A venda será suficiente para salvar a GoPro? A GoPro tenta um novo começo por meio de sua aquisição pela Starman Optical
O mercado de câmeras de ação — câmeras de vídeo compactas projetadas para capturar atividades dinâmicas — vem se expandindo há algum tempo, impulsionado principalmente pela crescente popularidade de modelos voltados para o uso esportivo. São dispositivos extremamente compactos que combinam uma câmera com tecnologias de processamento de imagem. De acordo com o South China Morning Post, as vendas globais de câmeras de ação cresceram 20% no primeiro trimestre de 2026 em comparação com o mesmo período do ano anterior.
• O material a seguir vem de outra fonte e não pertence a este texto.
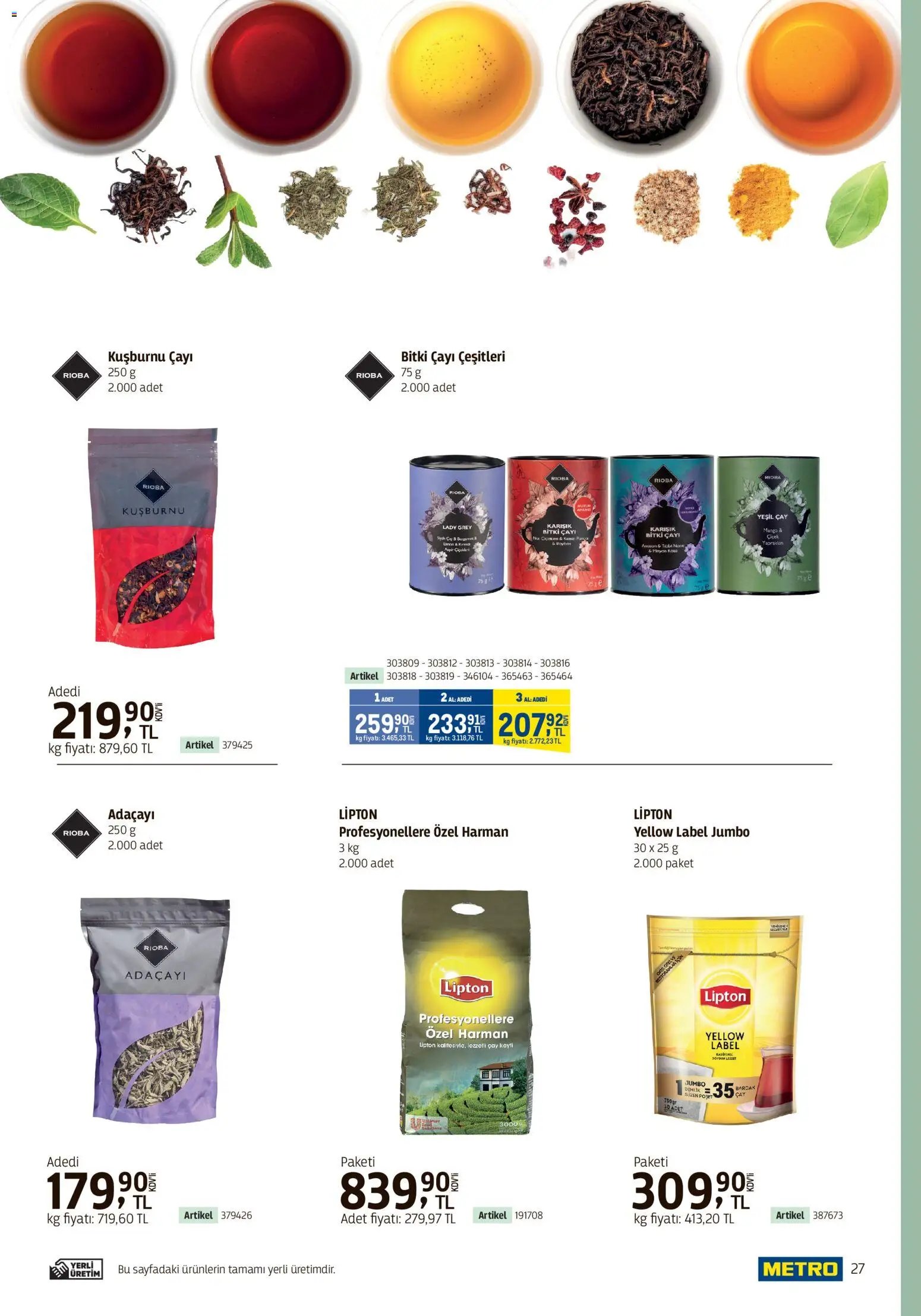 Metro - Kafeler & Pastaneler Kataloğu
Durante anos, o setor de câmeras de ação foi liderado pela GoPro, empresa americana fundada em 2002 que tornou suas pequenas câmeras vestíveis a ferramenta mais conhecida e reconhecível para documentar esportes e atividades ao ar livre. No entanto, a dominância da empresa nesse espaço diminuiu significativamente nos últimos anos. Desde 2023, sua participação de mercado caiu de 75% para cerca de 6%, enquanto dois fabricantes chineses — DJI e Insta360 — ganharam terreno e agora controlam coletivamente 87% do mercado.
O que o futuro reserva para a GoPro
As dificuldades financeiras da GoPro ficaram em evidência no junho passado, quando a consultoria PwC lançou dúvidas sobre a capacidade da empresa de continuar operando, citando prejuízos acumulados e incerteza quanto à sua viabilidade financeira. Em abril, a GoPro já havia anunciado cortes de mais de 20% de sua força de trabalho, tendo já reduzido o quadro de funcionários em quase um quinto em 2024.
Nesse contexto, conforme noticiado pelo Financial Times, a empresa americana Starman Optical chegou recentemente a um acordo para adquirir a GoPro. A Starman Optical é especializada na construção de infraestrutura para data centers e pretende aproveitar o negócio para redirecionar o conhecimento da GoPro para setores como inteligência artificial, defesa e aeroespacial, entre outros.
Os produtos da Starman Optical incluem os chamados "transceivers ópticos" — componentes utilizados em equipamentos de rede e data centers para transferir grandes volumes de dados por meio de sinais de luz. O objetivo é combinar essas tecnologias com o portfólio de propriedade intelectual da GoPro, que inclui mais de 2.500 patentes relacionadas à óptica.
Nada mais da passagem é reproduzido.